▸ **What to produce**:
Keep the images out while you retype all of the data exactly.

**** Provided records

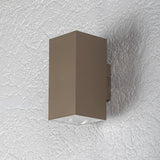 Buitenwandlamp, Urfa, LED 18 W, 1800 lm, lichtkleur 2700, 4000, 6500 K, H 16 cm, IP65, grijs-beige, 77215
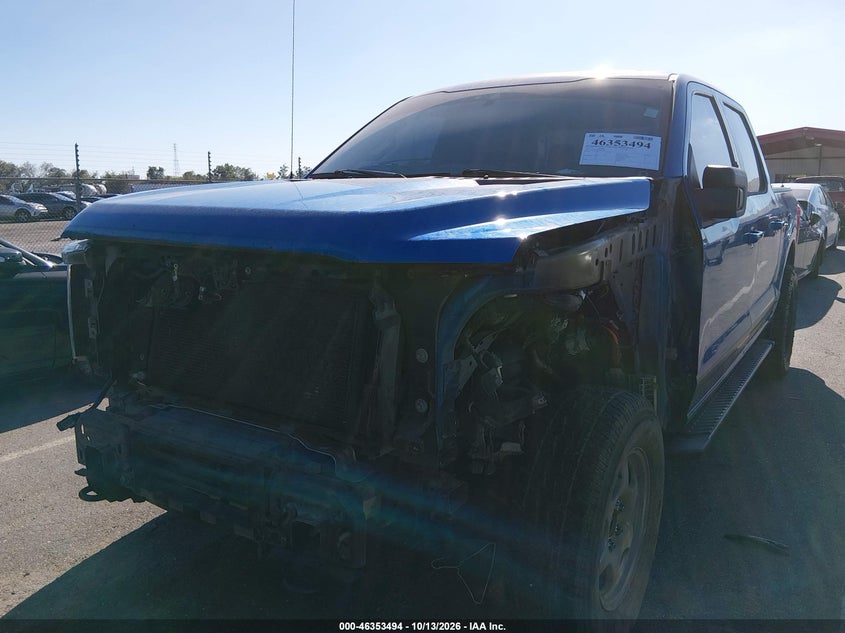 Vin: 1ftfw1e8xmkd93481, lot: 46853760, ford f-150 xlt 20212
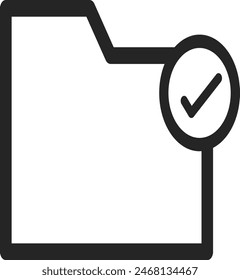 Verifiziertes Dateisymbol Design EPS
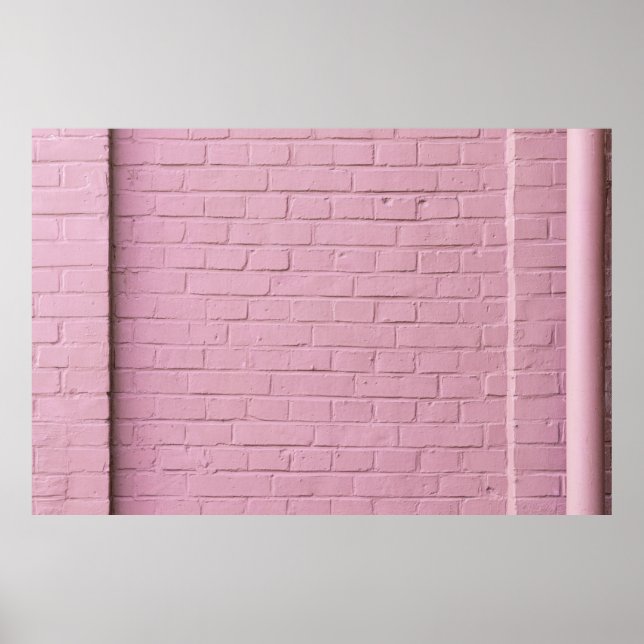 Pink concrete wall poster (Front)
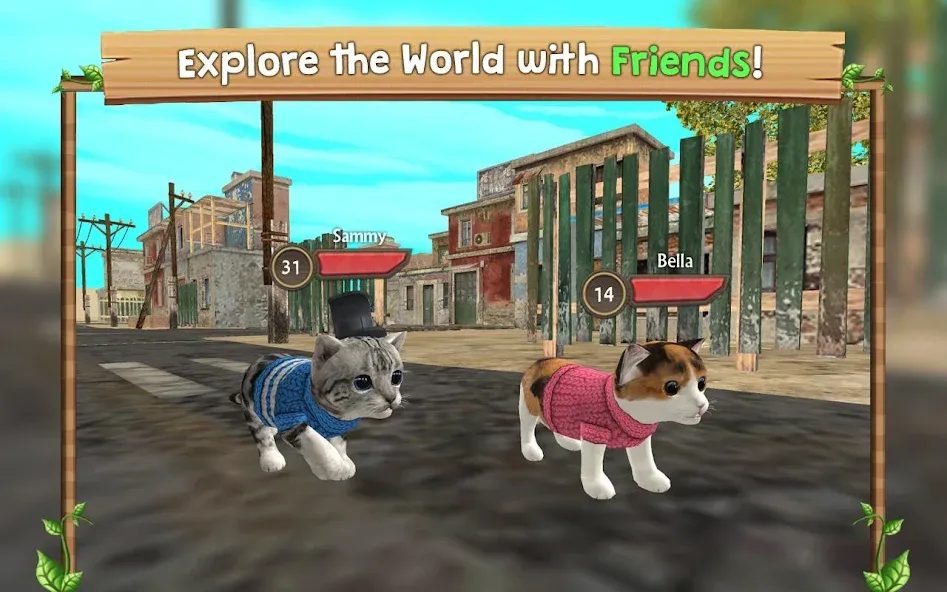 Скачать Cat Sim Online: Play with Cats на Андроид — Безлимитные монеты и все коты открыты — скриншот 4 Скачать Cat Sim Online: Play with Cats на Андроид — Безлимитные монеты и все коты открыты — скриншот 4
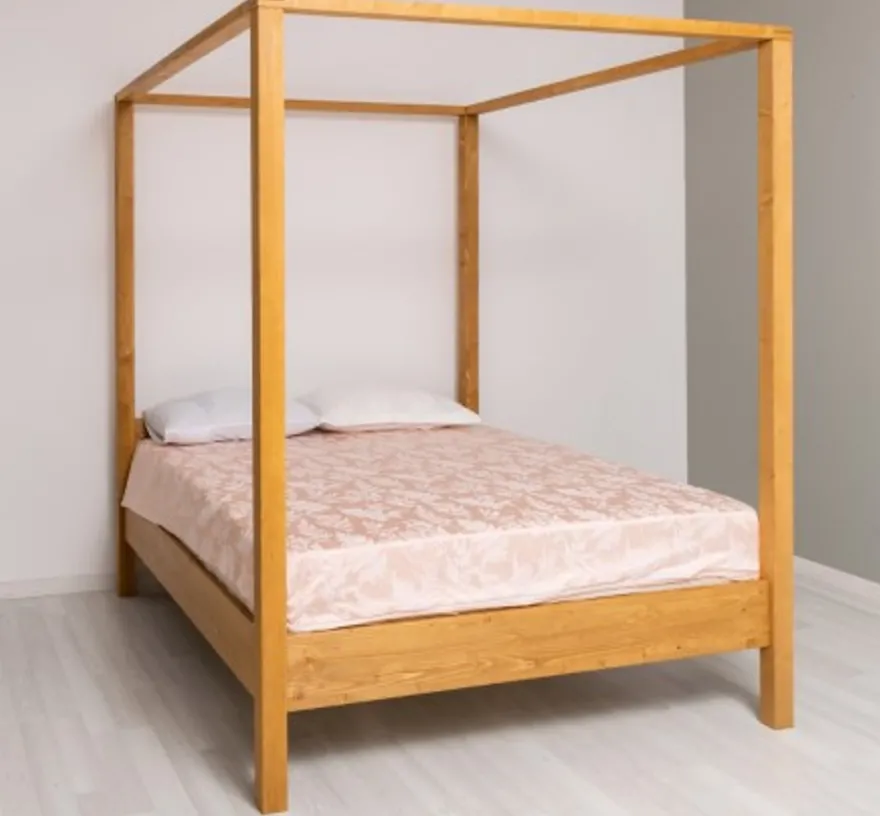 Casa Padrino Bett im Landhausstil, 180 x 200 x 214 cm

********

▸ **Task solution**:
 Buitenwandlamp, Urfa, LED 18 W, 1800 lm, lichtkleur 2700, 4000, 6500 K, H 16 cm, IP65, grijs-beige, 77215
 Vin: 1ftfw1e8xmkd93481, lot: 46853760, ford f-150 xlt 20212
 Verifiziertes Dateisymbol Design EPS
 Pink concrete wall poster (Front)
 Скачать Cat Sim Online: Play with Cats на Андроид — Безлимитные монеты и все коты открыты — скриншот 4 Скачать Cat Sim Online: Play with Cats на Андроид — Безлимитные монеты и все коты открыты — скриншот 4
 Casa Padrino Bett im Landhausstil, 180 x 200 x 214 cm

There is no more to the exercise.